FelixKrueger / TrimGalore

A wrapper around Cutadapt and FastQC to consistently apply adapter and quality trimming to FastQ files, with extra functionality for RRBS data
GNU General Public License v3.0
472 stars 151 forks source link

Truseq Methyl capture epic library -specific options for trimming #103

Closed freedomq8 closed 4 years ago

freedomq8 commented 4 years ago

Hi there,

I saw that there are RRBS-specific options for trimming just wanted to know what should I include for WGBS data with truseq-methyl capture-epic library. is there a recommendation to what to include for this kit.

Thanks

FelixKrueger commented 4 years ago

I am afraid I don't have any specific experience with this kit, so I would recommend you stick to the instructions given by the kit protocol.
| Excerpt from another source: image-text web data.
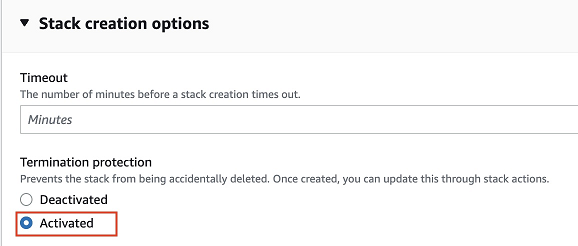 建立堆疊啟用終止保護範例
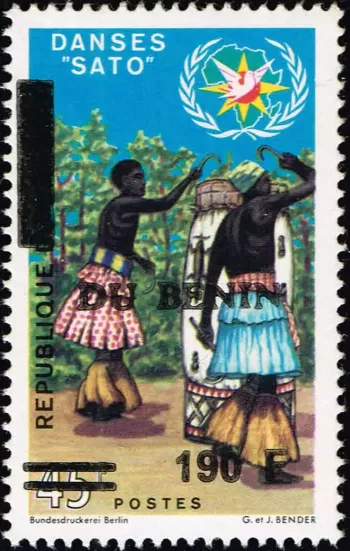 Benin 1992 Mi. 517 Aufdruck Sato-Tanz traditionelle Folklore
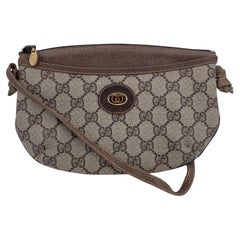 Gucci Vintage Beige Monogram Canvas Small Zip Crossbody Bag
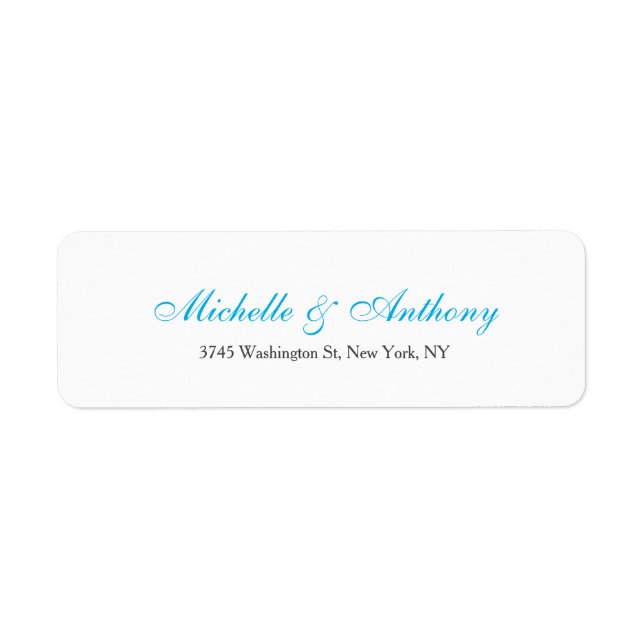 Etiqueta Script Elegante de Casamento Céu Azul (Frente)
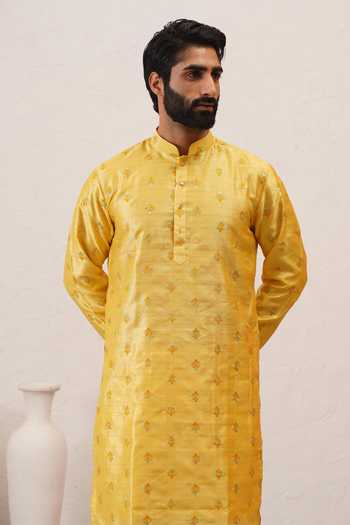 Shop_ZOOP MEN_Yellow Silk, Cotton, Lycra, Polyester Benarasi Kurta And Pant Set _Online_at_Aza_Fashions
Just generally, WGBS data typically doesn't require anything special but simply uses the most basic command:

trim_galore file.fastq.gz

However, certain pull-down methods often require hard-clipping of a few residues at the 5' or 3' ends, but I would need to see the FastQC html report (especially the base composition plot) to judge this better. Hope this helps, Cheers, Felix

freedomq8 commented 4 years ago

Hi there, sorry for my lateness in replying to your post. Just to give an update and correction for my issue. The kit that were used in our methylation project is not WGBS but a targeted methylation. TruSeq Methyl Capture EPIC Library Prep Kit is the recommended replacement product.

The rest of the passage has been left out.